Making Sense of the Federal Reserve

Introduction to the Fed Board of Governors

Board of Governors

The Board of Governors, located in Washington, D.C., is the federal government agency that regulates banks, contributes to the nation's monetary policy, and oversees the activities of Reserve Banks.

At the core of the Federal Reserve System is the Board of Governors, or Federal Reserve Board. The Board of Governors, located in Washington, D.C., is a federal government agency that is the Fed's centralized component.

How Governors Are Appointed to the Federal Reserve Board

The Board consists of seven members who are appointed by the president of the United States and confirmed by the Senate. These Governors guide the Federal Reserve's policy actions.

How many years is a full term? A Federal Reserve Governor's term length is 14 years. It is possible, however, for a Governor to serve a longer term. For example, William McChesney Martin Jr. served as a member and Chairman of the Board of Governors for nearly 19 years because he was appointed as Chairman to complete another person's term and was then appointed to his own term.

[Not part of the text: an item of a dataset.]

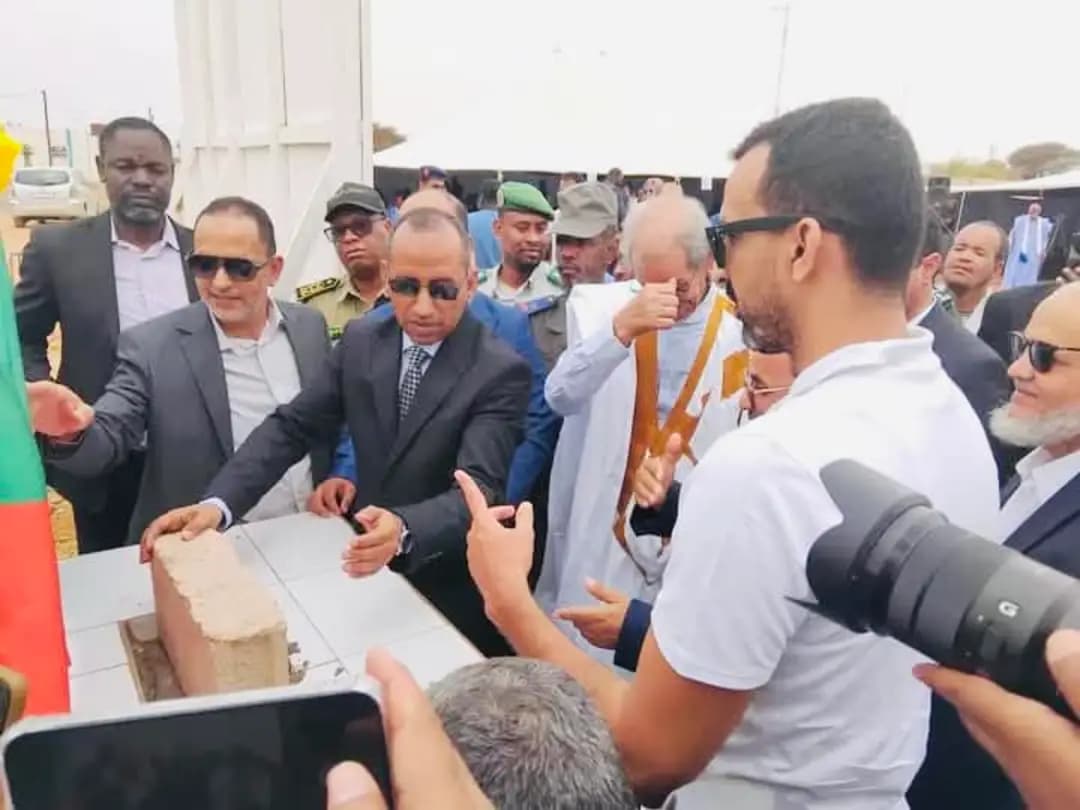 خيرية اسنيم تُدشِن مشاريع وتضع الحجر الأساس لفضاء عمومي بالزويرات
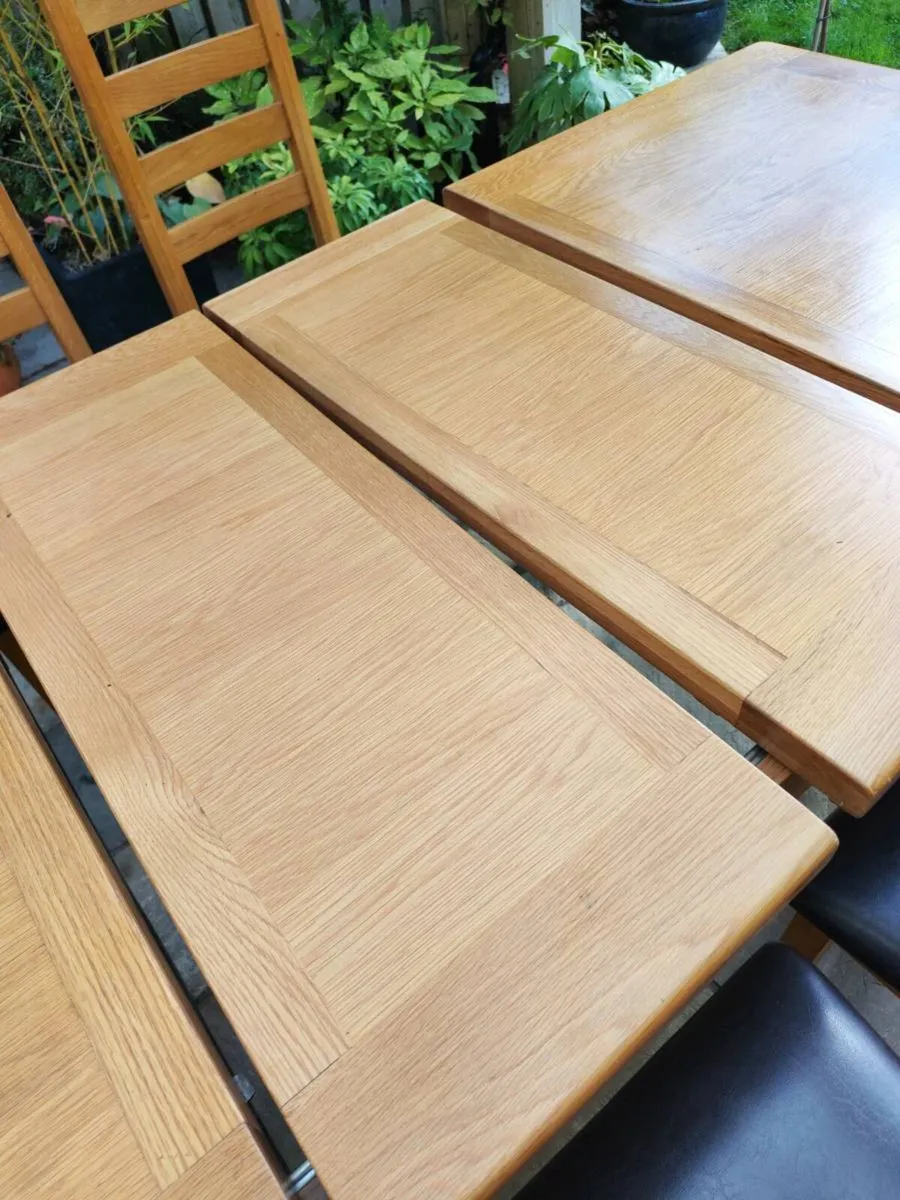 Kitchen dining table - Image 2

Appointments to the Board of Governors are staggered—one Governor's term expires every two years. Terms are staggered to provide the Fed political independence as a central bank, ensuring that one president cannot take advantage of his power to appoint Governors by "stacking the deck" with those who favor his policies. The Board of Governors must be nonpartisan and act independently. In addition to independence, the staggered terms enable stability and continuity on the Board of Governors.

The seven Governors, according to the original Federal Reserve Act, should represent the nation’s financial, agricultural, industrial, and commercial interests. Geography is a factor, too, as every Governor must be selected from a different Federal Reserve District. Recently Congress directed that at least one of the Governors have experience in community banking. (In general, community banks can be defined as those owned by organizations with less than $10 billion in assets.) The seven Governors, along with a host of economists and support staff, write the policies that ensure financially sound banks and a stable and strong national economy.

What Does the Federal Reserve Board of Governors Do?

Governors actively lead committees that study prevailing economic issues—from affordable housing and consumer banking laws to interstate banking and electronic commerce. The Board of Governors also exercises broad supervisory control over certain state-chartered financial institutions, called member banks, as well as the companies that own banks (bank holding companies). This control ensures that commercial banks operate responsibly and comply with federal regulations and that the nation's payments system functions smoothly.

In addition, the Board of Governors oversees the activities of Reserve Banks, approving the appointments of each Reserve Bank's president and three members of its board of directors. The Governors' most important responsibility is participating on the FOMC, the committee that directs the nation's monetary policy.